1936(昭和11)年6月27日、肺臓ガンのため、鈴木三重吉逝去。
同年8月に「赤い鳥」は終刊。
同年10月には「赤い鳥鈴木三重吉追悼号」が刊行された。
以上 銀貨社HPより抜粋
父の祖父の長女の次男坊を父側から如何に呼称するのか知らないが、私の父は、父の父親の従兄弟がオーナー社長として経営する株式会社の役員を務めていた。
私に物心が付いた頃から正月の三日は決まって、父の会社のオーナーであり私の親戚筋に当たる「お殿様」の様な御仁のもとへ、年始のご挨拶に家族全員で訪れた。
お洒落をして石神井公園駅から電車に乗り、椎名町駅で下車。改札を出て直ぐに大きなガードを潜る。

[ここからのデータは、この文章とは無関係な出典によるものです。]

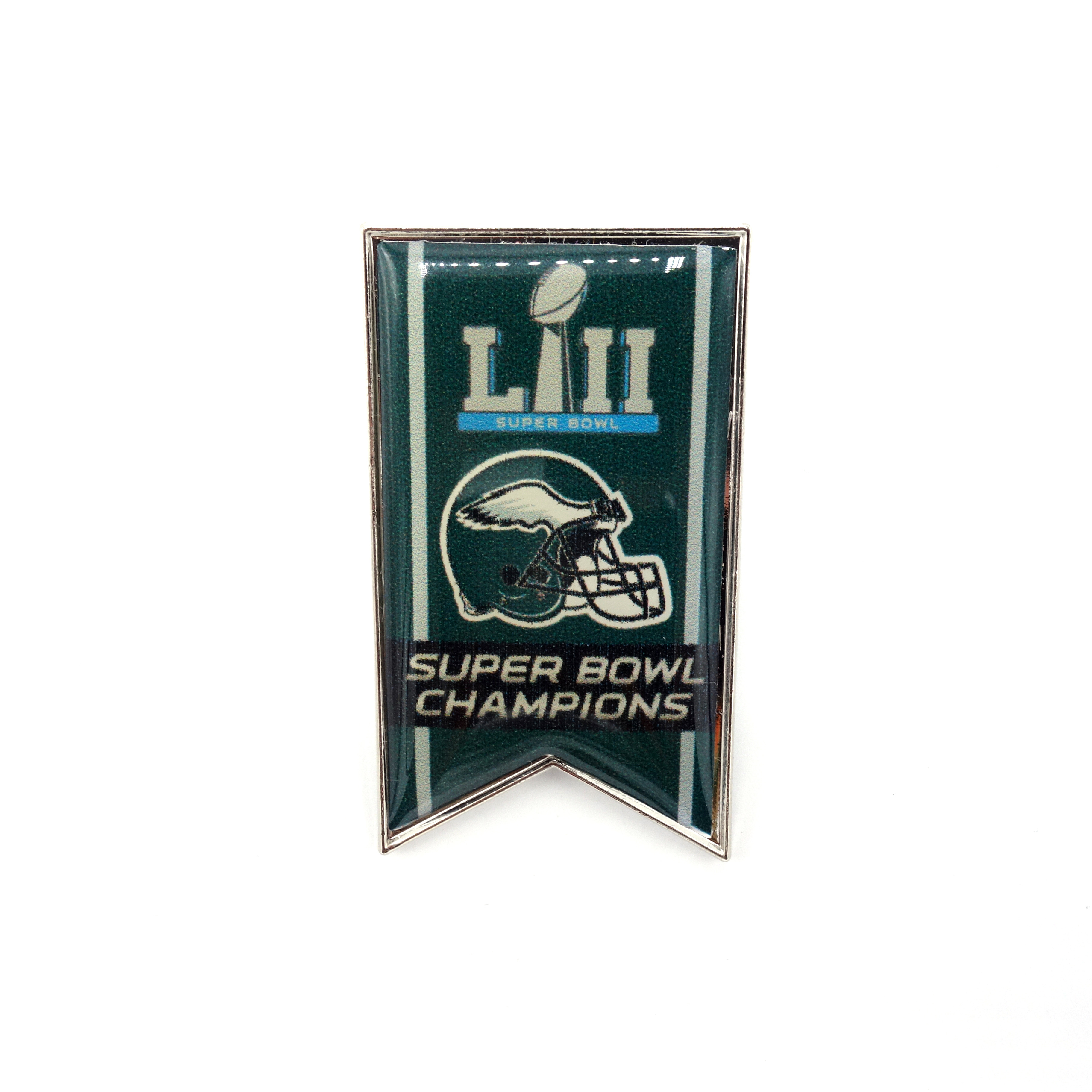 NFL Pin Special Edition Super Bowl Champion Philadelphia Eagles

クネクネとした路地をしばらく歩くと、大きな通りに出る。
大きな通りにはチャンと一段高い歩道があって、その脇に、われ等一行が必ず立ち寄る生花屋があった。
その店で母が献上花を購い、再び迷路の様な細い路地に入った。
最後の路地を右に曲がると左手に路面から1段高い垣根が奔り、その中に小さく切られた木戸を勝手に潜る。
芝生に埋め込まれた飛び石を数十個緊張した足取りで進むとようやく「お殿様」のお屋敷の玄関に達する。
何の趣向だか、玄関の脇に殻長2尺余りの大シャコ貝の片身が凹面を上に置かれていた。
間口一間の玄関を父が開け、おとないを告げると「女中」様が「いらっしゃいませ」と応じ、私たちは、玄関のたたきに植えられた蒼い石の塊に脱いだ靴を揃え、「殿様」への接見場のお部屋へとあないされ、従う。
座敷には既に膳が予め用意されていて、頑是無かった私も「殿様」の御出ましを暫時畏まって待つ。
殿様はきまって焦げ茶色の着流しの上に同色の袢纏姿で直ぐに現れ、上座に御座し、新年の挨拶を交わし、御屠蘇で〆た。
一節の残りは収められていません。